▶ Materials provided:
•••••

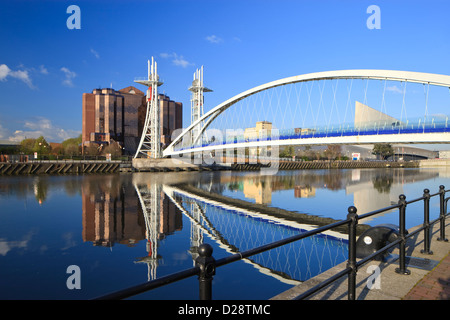 Millennium Bridge Salford Quays Greater Manchester Lancashire England Stock Photo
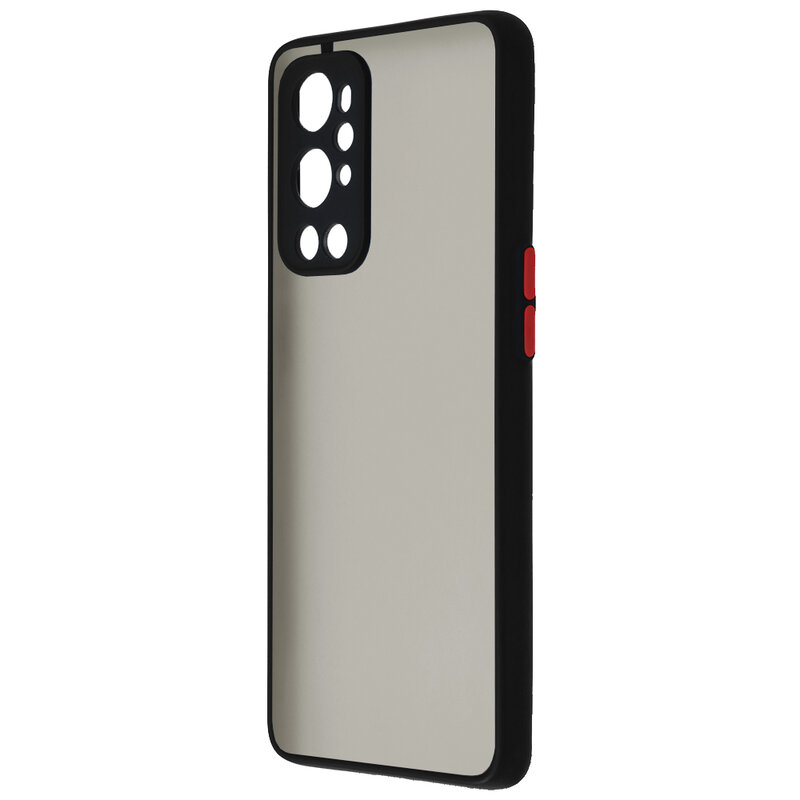 Husa OnePlus 9 Pro Mobster Chroma Cu Butoane Si Margini Colorate - Negru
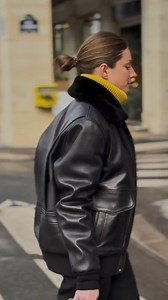 A CHAPAL look by Claire. Handcrafted for the cold, styled for the city. Black USAAF – Ascot’s Father leather jacket layered over the Nuvolari Jumper. • • • • @ascotsfather #chapal1832 #chapal #aviatorjacket # #parisfashion streetstyle | CHAPAL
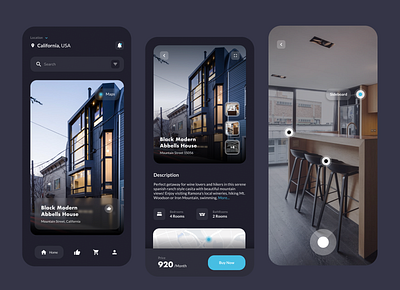 Black Modern Abbells Rent airbnb app black concept design estate estate mobile exploration home modern rent rental rooms travel ui ux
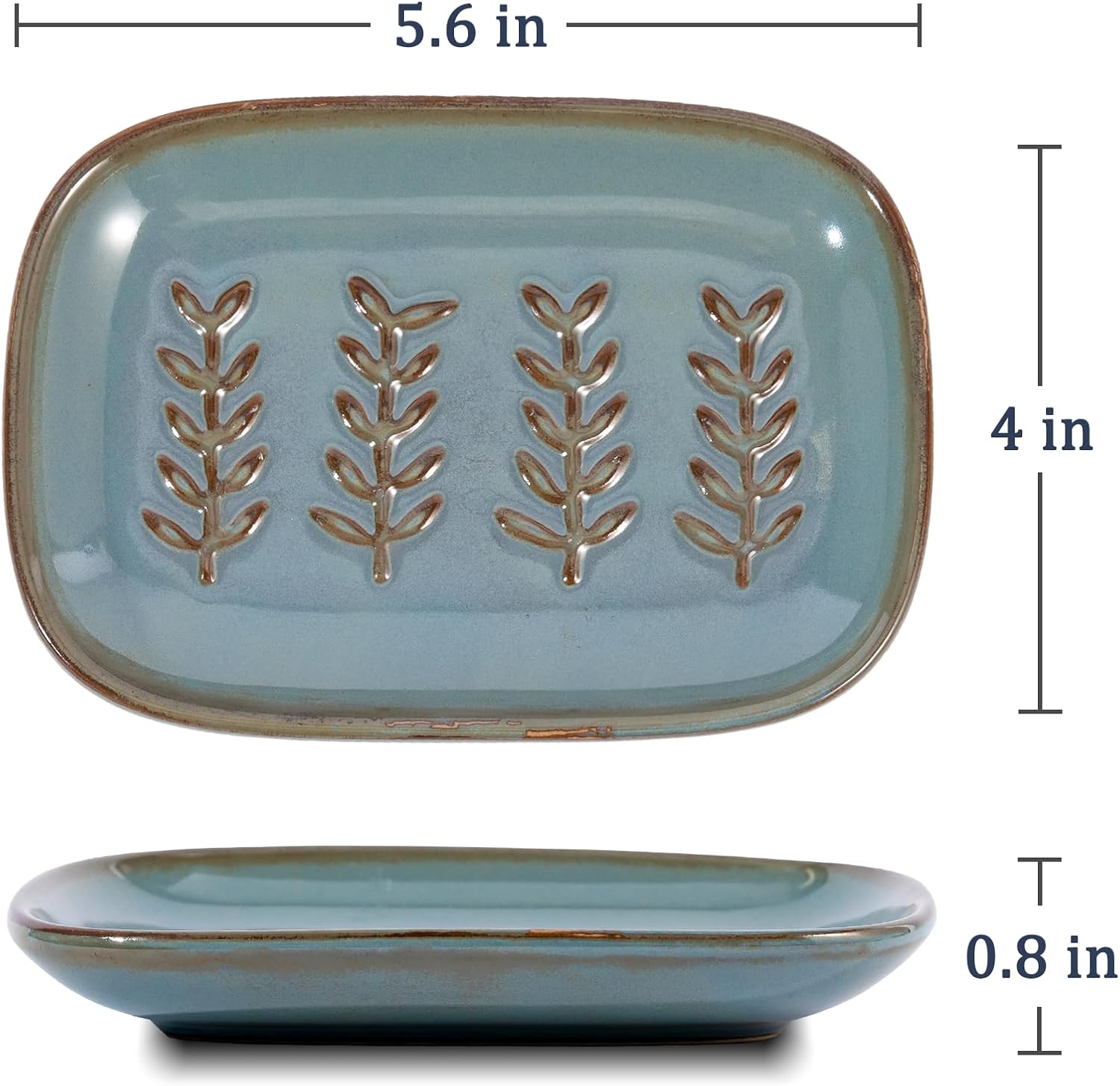 HighHerz Aesthetic Ceramic Soap Dish for Shower, Soap Holder with Raised Relief, Shower Soap Dish for Shampoo Bar Or Sponge, Soap Saver for Bathroom, Kitchen, Sink, Decorative Soap Tray (Blue)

•••••

▶ The task: Reproduce verbatim the lines of the material above, beginning with its first line and ending with the line that contains "A CHAPAL look"; skip pictures.

▶ Written reply:
 Millennium Bridge Salford Quays Greater Manchester Lancashire England Stock Photo
 Husa OnePlus 9 Pro Mobster Chroma Cu Butoane Si Margini Colorate - Negru
 A CHAPAL look by Claire. Handcrafted for the cold, styled for the city. Black USAAF – Ascot’s Father leather jacket layered over the Nuvolari Jumper. • • • • @ascotsfather #chapal1832 #chapal #aviatorjacket # #parisfashion streetstyle | CHAPAL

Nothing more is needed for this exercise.